Listed entries -
--

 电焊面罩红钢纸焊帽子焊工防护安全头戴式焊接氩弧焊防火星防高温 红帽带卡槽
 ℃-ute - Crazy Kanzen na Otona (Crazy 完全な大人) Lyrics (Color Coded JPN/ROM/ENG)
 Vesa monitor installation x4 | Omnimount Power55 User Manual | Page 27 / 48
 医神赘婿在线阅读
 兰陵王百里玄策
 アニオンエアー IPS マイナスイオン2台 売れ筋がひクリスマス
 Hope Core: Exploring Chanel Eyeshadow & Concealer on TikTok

--

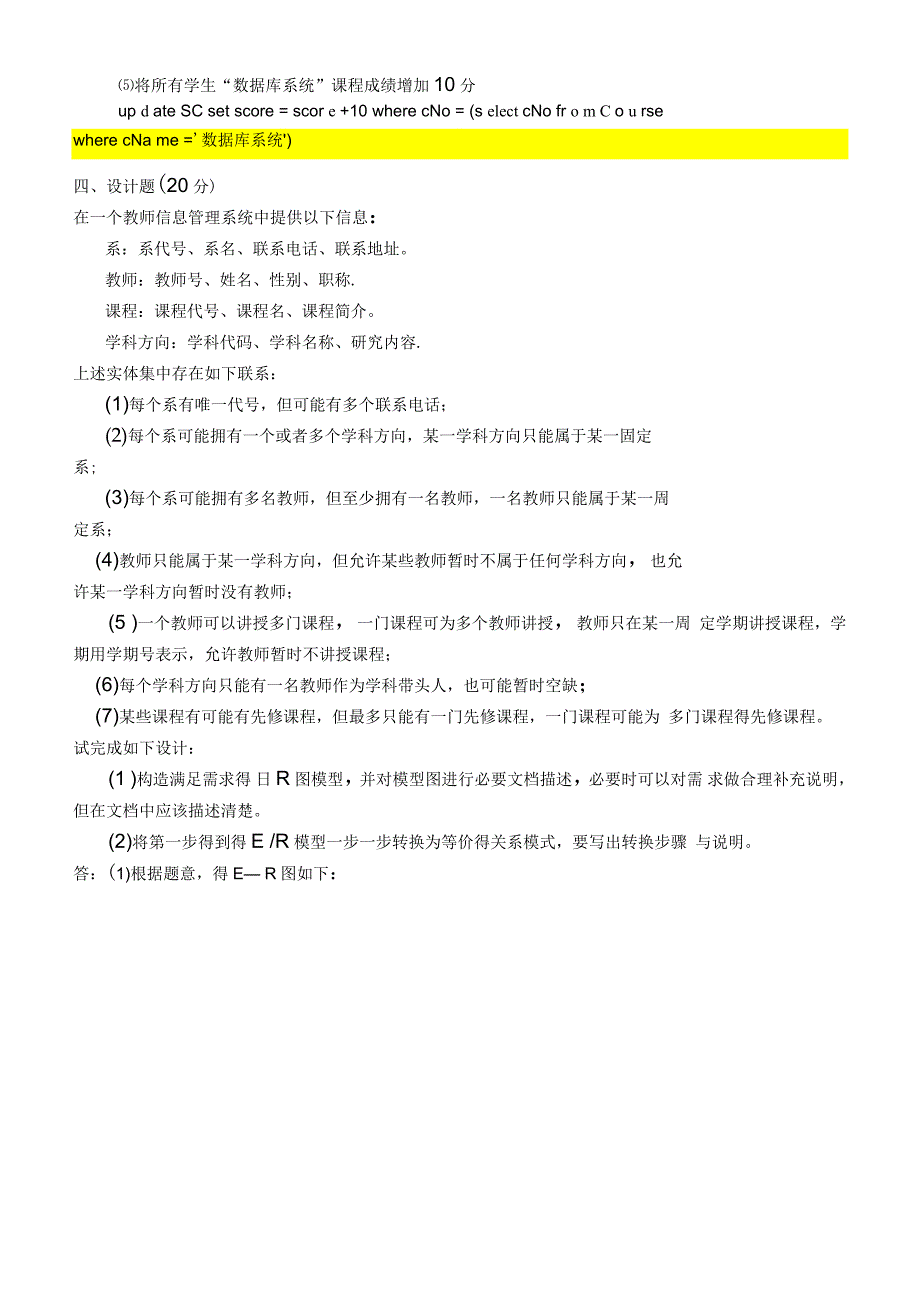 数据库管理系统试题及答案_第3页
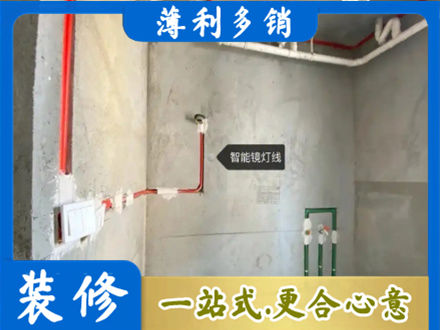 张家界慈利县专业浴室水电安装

--

The problem -
Repeat, word for word, the lines above between the line holding "(Color Coded JPN/ROM/ENG)" and the line holding "Hope Core: Exploring", inclusive; omit everything else.

Result for this task -
 ℃-ute - Crazy Kanzen na Otona (Crazy 完全な大人) Lyrics (Color Coded JPN/ROM/ENG)
 Vesa monitor installation x4 | Omnimount Power55 User Manual | Page 27 / 48
 医神赘婿在线阅读
 兰陵王百里玄策
 アニオンエアー IPS マイナスイオン2台 売れ筋がひクリスマス
 Hope Core: Exploring Chanel Eyeshadow & Concealer on TikTok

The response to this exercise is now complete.